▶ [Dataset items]
======
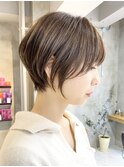 横浜西口白髪染めショートヘアタッセルボブミルクティーベージュ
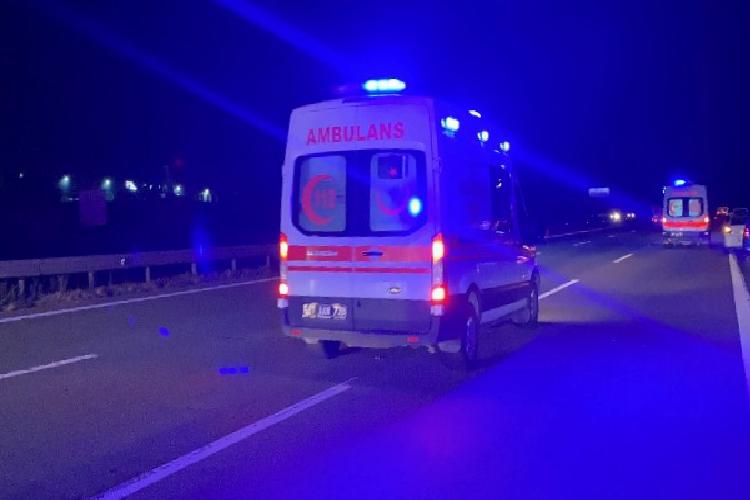 emniyet şeridindeki araca tır çarptı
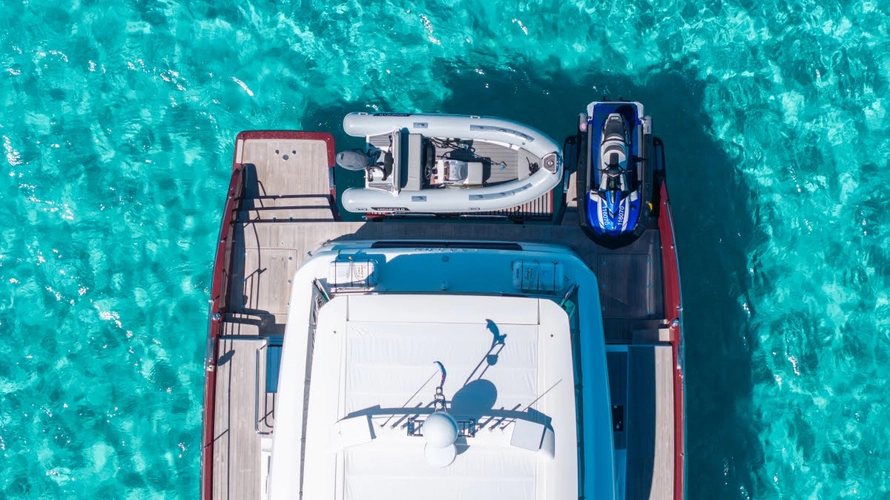 Marooned Yacht Photos Pics 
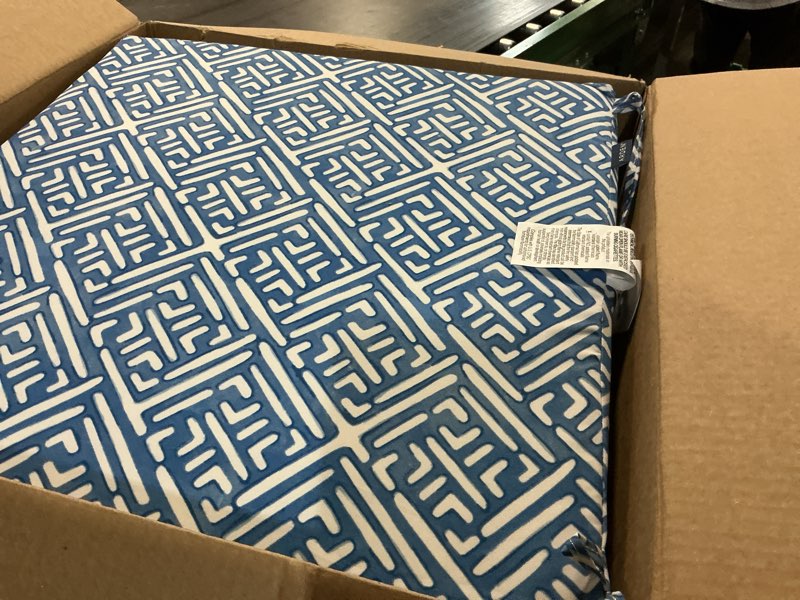 Condition photo showing Good Condition for arden outdoor foam deep seat cushion set, 24 in x 24 in, weather-proof, rain-proof, fade resistant patio cushion, bottom and back cushion for chair, sofa, and couch amalfi blue tile certi-pur foam amalfi blue tile 1 pack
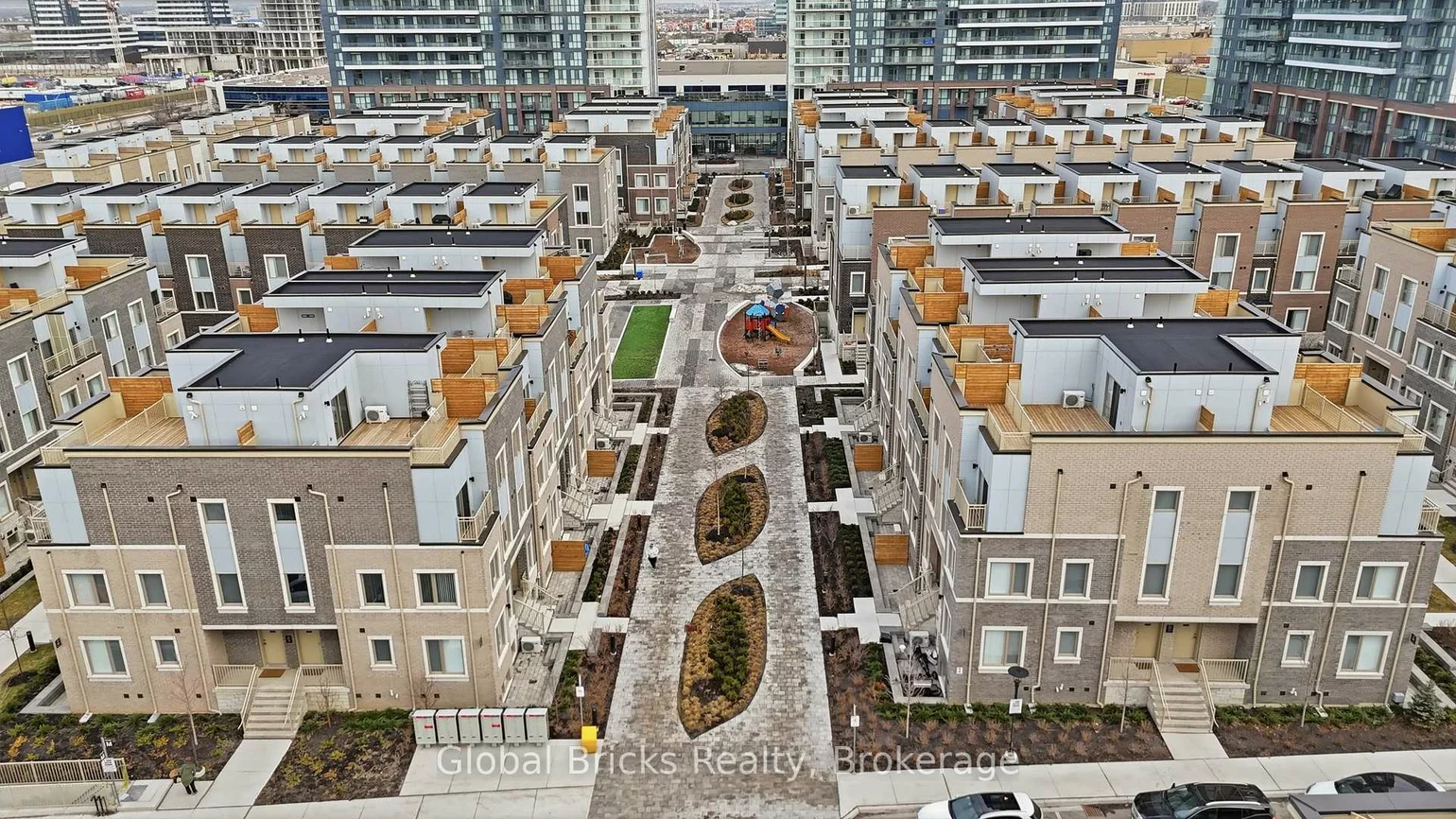 131, Honeycrisp, Vaughan Corporate Centre, Vaughan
======
▶ [Description of the task]
From the records above, transcribe only the stretch from the line with "emniyet şeridindeki araca tır çarptı" through the line with "Marooned Yacht Photos Pics", keeping both ends. Omit pictures.

▶ [Solution to this task]
 emniyet şeridindeki araca tır çarptı
 Marooned Yacht Photos Pics 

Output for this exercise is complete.